6.1. Expanding beyond the observed antigen landscape
A common challenge in deep generative learning is discovering modes of binding to a new antigen. RefineGNN demonstrated the capability of SARS-CoV-2 neutralization optimization, but this first required fine-tuning on the Coronavirus antibody database (CoVAbDab) [58]** [75]. One approach to reduce the data requirement may involve informing models with physical laws or energy functions, such as the Rosetta energy function. Wu et al. found that the training process of diffusion models for molecule generation could be steered with prior physics-based bridges improving generation quality and reducing sampling time, which may be a future direction for models like Chroma, RFDiffusion, FrameDiff, and DiffAb [76]. Alternatively if physics priors are less fruitful and access to the target distribution is not available (i.e. there is a lack of natural antibody sequences evolved for the target antigen), data augmentation must be considered.
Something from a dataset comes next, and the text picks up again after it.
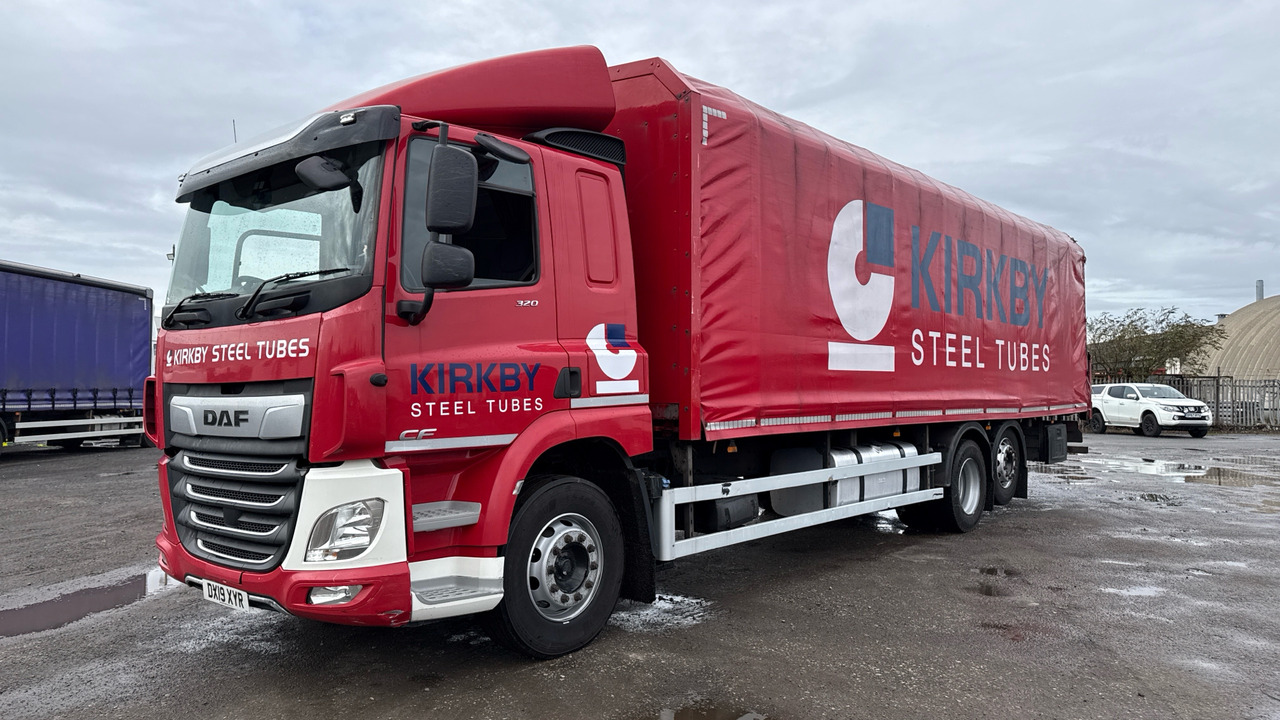 DAF CF 320 - 드롭사이드/ 플랫베드 트럭 : 사진 2 DAF CF 320 - 드롭사이드/ 플랫베드 트럭 : 사진 2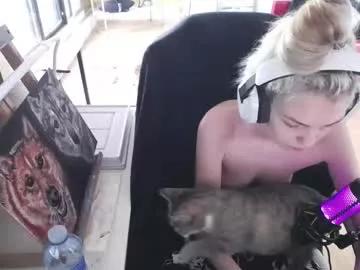 Girls: Stay up-to-date with the latest immersive cam streams gallery and try the most sensual entertainers flaunt their aroused bushes and steaming hot physiques as they lay bare and cum.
The current antibody-specific co-design methods [58]** [59] [60] [61] [70]** [72] restrained their training data to the 3k crystal structures available in SAbDab [77]. Future antibody co-design methods may benefit significantly by incorporating data augmentation. Several prominent protein structure prediction methods have demonstrated their capabilities for large-scale prediction of protein structures for sequences that don’t have crystal structures, presenting an opportunity to develop an augmented synthetic antigen dataset. The AlphaFold Database [78] provides 200M predicted structures of protein sequences from UniProt and the ESM Metagonomic Atlas provides 617M metagenomic protein structures from the MGnify90 [79] database. Some existing models have taken advantage of AF structures for improving performance. IgFold used AF to predict the structure of 38,000 sequences from OAS [14]**, and ESM-IF augmented training data by nearly three orders of magnitude by predicting structures for 12M protein sequences from AF2 [54]. Antibody-specific synthetic databases exist as well. IgFold [14]** provides 104k non-redundant paired antibody sequences from OAS and a second set of 1.3M unique paired antibodies from human donors, collected by Jaffe et al. [80]. The software suite Absolut! [81] enables parameter-based unconstrained generation of synthetic lattice-based 3D antibody-antigen binding structures. Victor et al. demonstrated the power of Absolut! by generating a library of 1.1B antibody-antigen lattice-based structures with conformational paratope, conformational epitope, and affinity resolution [81].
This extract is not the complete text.